- Provided material:
=-=-=

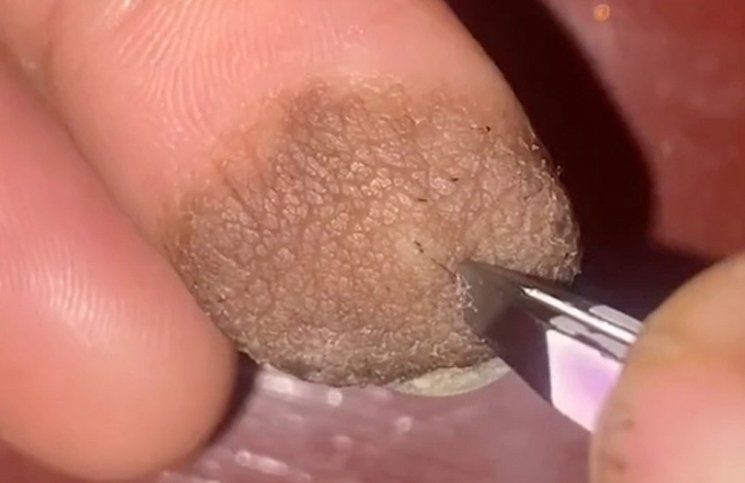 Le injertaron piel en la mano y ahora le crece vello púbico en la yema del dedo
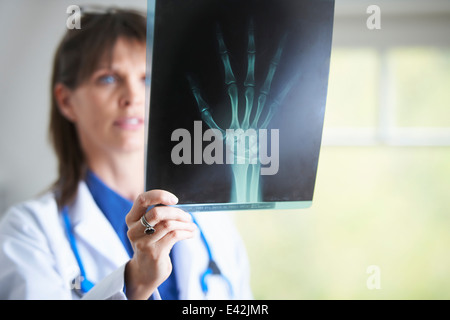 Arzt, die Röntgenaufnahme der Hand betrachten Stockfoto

=-=-=

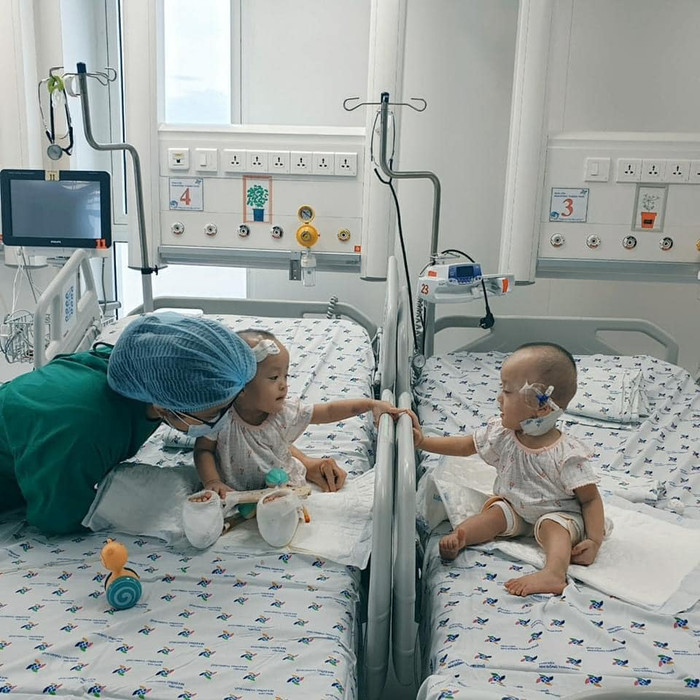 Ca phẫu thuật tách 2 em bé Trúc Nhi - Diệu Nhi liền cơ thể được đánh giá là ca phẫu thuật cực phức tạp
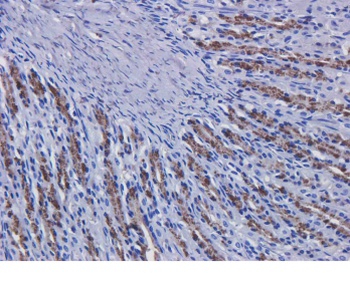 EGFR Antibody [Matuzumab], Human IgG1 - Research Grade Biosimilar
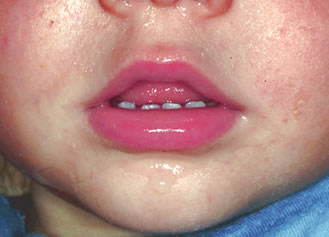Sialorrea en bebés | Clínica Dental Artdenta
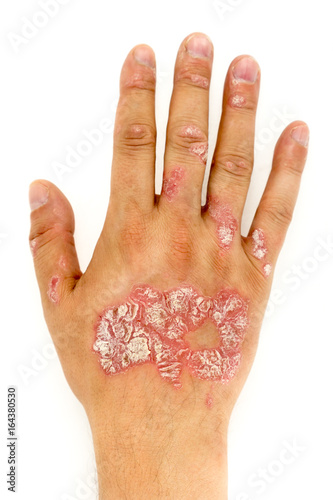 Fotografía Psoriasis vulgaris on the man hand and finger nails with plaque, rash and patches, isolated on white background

=-=-=

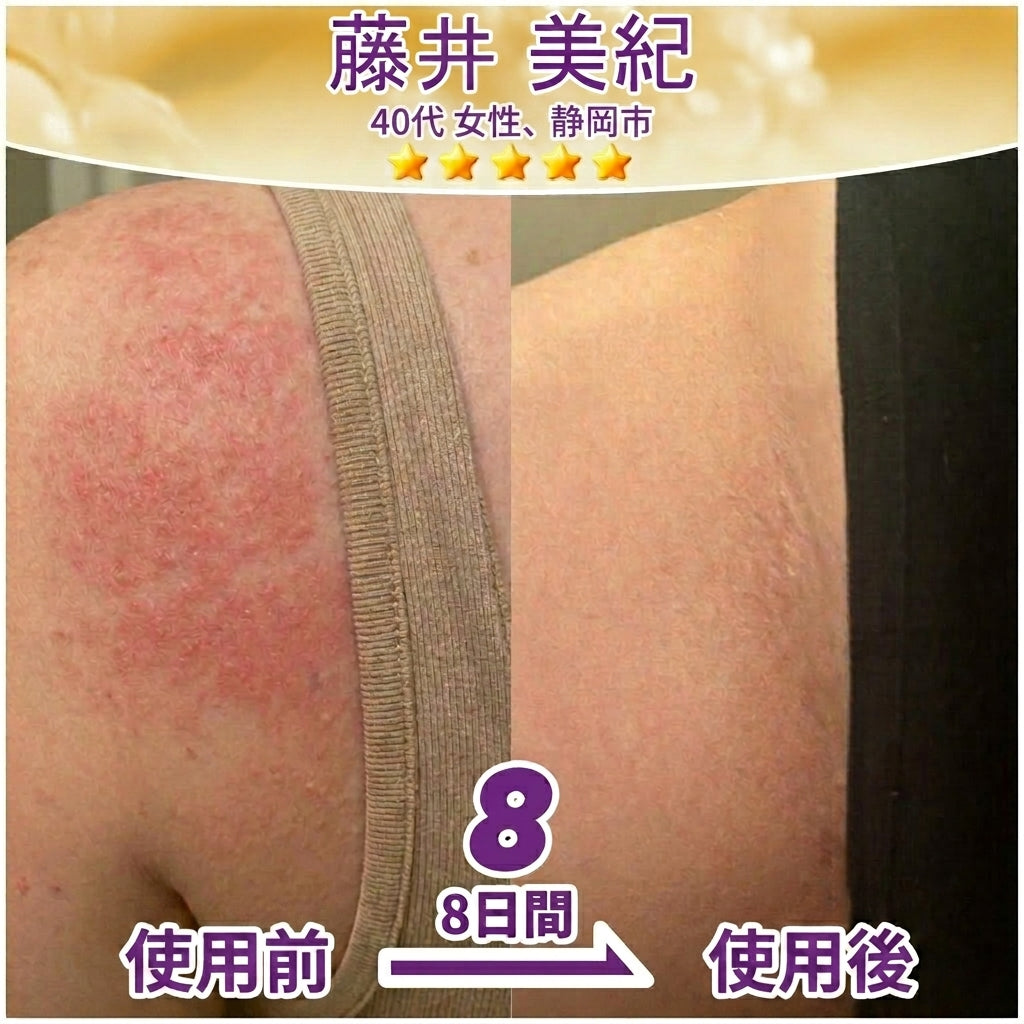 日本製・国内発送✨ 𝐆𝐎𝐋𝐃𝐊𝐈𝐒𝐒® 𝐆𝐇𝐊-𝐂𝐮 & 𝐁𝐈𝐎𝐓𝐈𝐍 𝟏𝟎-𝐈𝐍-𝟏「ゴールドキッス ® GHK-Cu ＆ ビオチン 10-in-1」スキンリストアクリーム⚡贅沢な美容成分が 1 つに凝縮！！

=-=-=

- Task goal: Copy exactly the material above from the line with "Sialorrea en bebés | Clínica Dental Artdenta" to the line with "Fotografía Psoriasis vulgaris", ends included, and nothing else. Leave out any picture.

- Response to this task:
Sialorrea en bebés | Clínica Dental Artdenta
 Fotografía Psoriasis vulgaris on the man hand and finger nails with plaque, rash and patches, isolated on white background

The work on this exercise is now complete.